To pray means to open your hands before God. It means slowly relaxing the tension that squeezes your hands together and accepting your existence with an increasing readiness, not as a possession to defend, but as a gift to receive. Above all, prayer is a way of life that allows you to find stillness in the midst of the world where you open your hands to God’s promises and find hope for yourself, your neighbor, and your world. In prayer, you encounter God not only in the small voice and the soft breeze, but also in the midst of the turmoil of the world, in the distress and joy of your neighbor, and in the loneliness of your own heart.
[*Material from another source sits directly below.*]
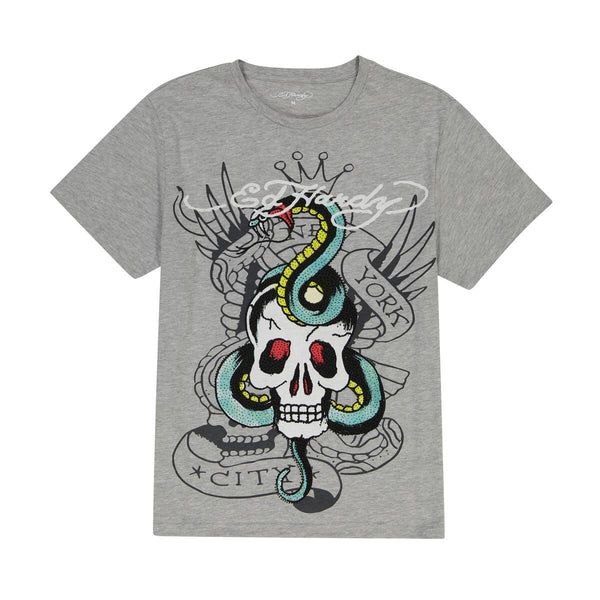 Rhinestone Skull Snake Tee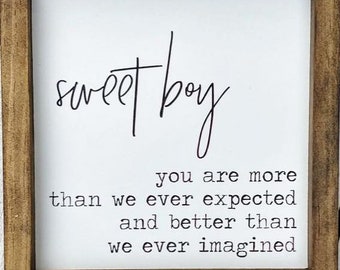 Sweet Boy Wood Sign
Prayer leads you to see new paths and to hear new melodies in the air. Prayer is the breath of your life that gives you freedom to go and to stay where you wish, to find the many signs that point out the way to a new land. Praying is not simply some necessary compartment in the daily schedule of a Christian or a source of support in a time of need, nor is it restricted to Sunday mornings or mealtimes. Praying is living. It is eating and drinking, acting and resting, teaching and learning, playing and working. Praying pervades every aspect of our lives. It is the unceasing recognition that God is wherever we are, always inviting us to come closer and to celebrate the divine gift of being alive.
In the end, a life of prayer is a life with open hands—a life where we need not be ashamed of our weaknesses but realize that it is more perfect for us to be led by the Other than to try to hold everything in our own hands.